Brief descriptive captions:
···

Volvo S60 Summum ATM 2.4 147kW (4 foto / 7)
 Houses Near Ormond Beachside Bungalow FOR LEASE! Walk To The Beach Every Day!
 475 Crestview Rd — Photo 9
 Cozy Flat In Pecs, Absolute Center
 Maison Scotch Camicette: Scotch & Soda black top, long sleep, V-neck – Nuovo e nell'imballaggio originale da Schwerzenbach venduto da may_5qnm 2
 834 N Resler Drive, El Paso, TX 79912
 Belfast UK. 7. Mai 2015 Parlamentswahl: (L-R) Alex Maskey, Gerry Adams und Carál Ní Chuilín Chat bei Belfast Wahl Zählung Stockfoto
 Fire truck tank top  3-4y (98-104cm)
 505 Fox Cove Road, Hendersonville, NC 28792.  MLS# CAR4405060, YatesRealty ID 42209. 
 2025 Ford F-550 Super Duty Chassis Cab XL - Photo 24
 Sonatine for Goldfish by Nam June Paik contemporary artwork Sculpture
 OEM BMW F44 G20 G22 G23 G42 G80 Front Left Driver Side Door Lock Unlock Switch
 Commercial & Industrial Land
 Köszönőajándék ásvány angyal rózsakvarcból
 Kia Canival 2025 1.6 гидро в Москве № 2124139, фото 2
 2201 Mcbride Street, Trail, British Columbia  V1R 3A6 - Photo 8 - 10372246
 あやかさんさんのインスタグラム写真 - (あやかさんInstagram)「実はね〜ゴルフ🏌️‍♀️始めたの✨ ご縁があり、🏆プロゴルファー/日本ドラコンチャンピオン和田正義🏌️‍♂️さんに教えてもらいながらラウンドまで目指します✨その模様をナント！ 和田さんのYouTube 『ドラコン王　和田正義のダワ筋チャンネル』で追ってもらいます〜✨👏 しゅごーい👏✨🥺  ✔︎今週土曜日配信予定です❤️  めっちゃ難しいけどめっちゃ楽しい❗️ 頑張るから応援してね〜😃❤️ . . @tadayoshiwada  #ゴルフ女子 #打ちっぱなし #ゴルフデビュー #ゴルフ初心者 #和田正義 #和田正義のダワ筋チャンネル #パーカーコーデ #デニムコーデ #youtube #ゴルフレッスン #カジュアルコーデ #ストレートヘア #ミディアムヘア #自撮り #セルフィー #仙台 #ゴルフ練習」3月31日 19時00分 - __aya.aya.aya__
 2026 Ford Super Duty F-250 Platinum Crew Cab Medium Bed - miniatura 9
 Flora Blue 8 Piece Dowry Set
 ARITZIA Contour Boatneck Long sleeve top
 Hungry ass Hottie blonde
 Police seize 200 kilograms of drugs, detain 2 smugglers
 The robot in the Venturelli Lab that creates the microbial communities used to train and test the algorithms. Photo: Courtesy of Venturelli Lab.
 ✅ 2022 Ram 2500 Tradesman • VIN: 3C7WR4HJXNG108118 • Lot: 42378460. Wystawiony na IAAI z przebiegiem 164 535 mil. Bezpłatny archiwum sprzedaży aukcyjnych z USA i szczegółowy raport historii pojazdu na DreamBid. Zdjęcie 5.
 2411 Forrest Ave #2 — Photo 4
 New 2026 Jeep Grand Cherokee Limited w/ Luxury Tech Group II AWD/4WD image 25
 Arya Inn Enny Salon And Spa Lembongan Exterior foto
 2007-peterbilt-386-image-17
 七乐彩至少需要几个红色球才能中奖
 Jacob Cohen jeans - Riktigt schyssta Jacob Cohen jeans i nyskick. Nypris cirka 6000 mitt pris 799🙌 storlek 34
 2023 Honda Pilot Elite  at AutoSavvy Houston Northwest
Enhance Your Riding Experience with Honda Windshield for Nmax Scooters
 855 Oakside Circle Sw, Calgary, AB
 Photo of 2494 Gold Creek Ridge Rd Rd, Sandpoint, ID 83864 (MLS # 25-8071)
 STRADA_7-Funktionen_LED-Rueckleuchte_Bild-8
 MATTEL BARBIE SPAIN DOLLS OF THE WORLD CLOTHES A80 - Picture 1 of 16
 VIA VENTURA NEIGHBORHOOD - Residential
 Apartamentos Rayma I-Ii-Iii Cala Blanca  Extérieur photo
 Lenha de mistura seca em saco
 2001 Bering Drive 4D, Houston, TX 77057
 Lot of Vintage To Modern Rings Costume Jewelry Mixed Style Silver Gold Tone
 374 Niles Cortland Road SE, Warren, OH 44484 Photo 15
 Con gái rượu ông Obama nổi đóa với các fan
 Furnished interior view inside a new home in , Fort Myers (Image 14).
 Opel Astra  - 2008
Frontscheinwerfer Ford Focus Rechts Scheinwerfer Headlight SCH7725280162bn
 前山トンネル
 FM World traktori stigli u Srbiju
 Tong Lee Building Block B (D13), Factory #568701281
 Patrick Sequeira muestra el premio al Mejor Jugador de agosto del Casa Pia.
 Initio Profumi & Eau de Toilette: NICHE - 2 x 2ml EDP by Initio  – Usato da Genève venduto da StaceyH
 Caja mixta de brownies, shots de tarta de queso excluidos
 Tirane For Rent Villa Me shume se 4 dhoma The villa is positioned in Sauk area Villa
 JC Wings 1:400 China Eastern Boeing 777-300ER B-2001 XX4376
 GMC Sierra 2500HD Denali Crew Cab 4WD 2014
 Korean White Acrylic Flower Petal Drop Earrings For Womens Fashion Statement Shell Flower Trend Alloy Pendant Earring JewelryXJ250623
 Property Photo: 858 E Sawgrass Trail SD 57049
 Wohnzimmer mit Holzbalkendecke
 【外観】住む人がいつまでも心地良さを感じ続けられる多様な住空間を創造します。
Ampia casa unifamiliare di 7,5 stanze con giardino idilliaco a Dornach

···

WHAT YOU HAVE TO DO: Among the lines above, which ones include the word "Houston"? Copy them.

ANSWER AREA:
 2023 Honda Pilot Elite  at AutoSavvy Houston Northwest
 2001 Bering Drive 4D, Houston, TX 77057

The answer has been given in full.